I understand the sentiment behind this post, but the numbers would be closer to 2-3000 words for active vocabulary which would probably require closer to 20-30K passive vocabulary for real fluent use of the language.
My feeling is that fluency would require reaching that Advanced 2 level with known words here on Lingq – along with speaking practice to activate enough of those words.
I could see the reading of novels at 30K, especially more contemporary stuff. After all Steve was able to read them, but I think a lot of depends on how much uncertainty you are comfortable with. He is fine with quite of bit. For me personally, I am waiting to complete advanced level 3 before leaving LingQ so as not to “waste” the count of known words to that level.
I would say it depends completely on what counts as a “word” and what it means to “know” said “word.” It also has a lot to do with context. For example, if you were to spend a year working on a farm in Brazil with a bunch of Brazilians, you may be considered “fluent” in Portuguese by the end of that year, according to your Brazilian coworkers. However, if you were to place yourself in a situation other than working on a farm, you may find yourself struggling with the language. This ultimately comes back to the great discussion of the word “fluency.” I consider myself “fluent” in English, but there are still a lot of things that I couldn’t understand.
Getting back to your specific question: I think that “known word count” is basically useless as a method for measuring progress in a language unless you taking into account the degree of diversity of materials used to reach that word count. For example, I am currently studying Spanish. I could very easily download several hundred pages of text about a very specific topic in, say, law. I could study those hundreds of pages of text for 6 months. And let’s also imagine that I had audio and I listened to the texts all the time too. At the end of the 6 months, I would have probably learned a lot of words (possible 13-15k), without really having become “fluent” in Spanish.
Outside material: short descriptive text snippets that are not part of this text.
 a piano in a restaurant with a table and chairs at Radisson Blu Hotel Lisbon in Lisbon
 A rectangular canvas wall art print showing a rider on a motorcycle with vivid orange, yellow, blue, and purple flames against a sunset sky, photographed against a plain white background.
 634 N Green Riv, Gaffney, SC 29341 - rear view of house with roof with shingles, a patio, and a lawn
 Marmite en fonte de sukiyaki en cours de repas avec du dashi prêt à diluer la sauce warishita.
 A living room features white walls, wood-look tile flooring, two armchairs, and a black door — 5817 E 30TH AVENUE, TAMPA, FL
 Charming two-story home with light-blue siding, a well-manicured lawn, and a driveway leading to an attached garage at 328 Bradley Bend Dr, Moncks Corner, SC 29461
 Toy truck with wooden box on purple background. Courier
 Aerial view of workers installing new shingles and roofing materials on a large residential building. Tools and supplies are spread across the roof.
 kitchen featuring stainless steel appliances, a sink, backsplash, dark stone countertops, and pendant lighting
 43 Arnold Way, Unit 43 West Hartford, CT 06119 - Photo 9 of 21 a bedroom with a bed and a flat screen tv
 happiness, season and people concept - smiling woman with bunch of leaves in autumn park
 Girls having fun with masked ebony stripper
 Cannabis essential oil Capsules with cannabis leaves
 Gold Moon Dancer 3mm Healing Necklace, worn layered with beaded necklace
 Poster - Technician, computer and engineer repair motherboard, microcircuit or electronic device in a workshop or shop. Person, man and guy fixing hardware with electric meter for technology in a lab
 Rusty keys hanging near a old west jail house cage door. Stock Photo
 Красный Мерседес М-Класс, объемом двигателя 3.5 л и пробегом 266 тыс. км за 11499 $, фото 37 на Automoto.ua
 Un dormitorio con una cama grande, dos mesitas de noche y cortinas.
What I’m trying to say is that word count is meaningless without diversity of material. If you have a 15k word count built by listening and reading news articles from varied sources, novels, poems, podcasts, dialogues and texts on specific interests, you would probably be able to speak decently well about most topics.
But at the end of the day, everything comes back to context.
Anybody have an idea where a sweet spot might be in Chinese? I am guessing around 5-6000? I am asking people who work on Chinese and might be familiar with the language as it’s grammar is drastically different than a language with conjugations like one of the Romance languages.
It all depends on how liberally you LingQ.
I’m at 8,000 and have hit no such spot yet. But I can understand snippets of native conversation and can understand the general theme. But Chinese is a hard language so the sweet spot I’m guessing is probably 16,000 or so.
I appreciate it, I will just keep trucking through it I guess. I am loving the language practice I am getting right now along with my progress. I hope you are doing well my friend. If you haven’t yet, I recommend listening to cctv as much as possible and any podcasts you can. Even if it is in the background it is good to just surround yourself with the language. Are you doing any work outside of LingQ?
finally reached 15k and I do feel as if I have reached a low intermediate level in Spanish. but again still having to concentrate when reading and my listening is still not there yet.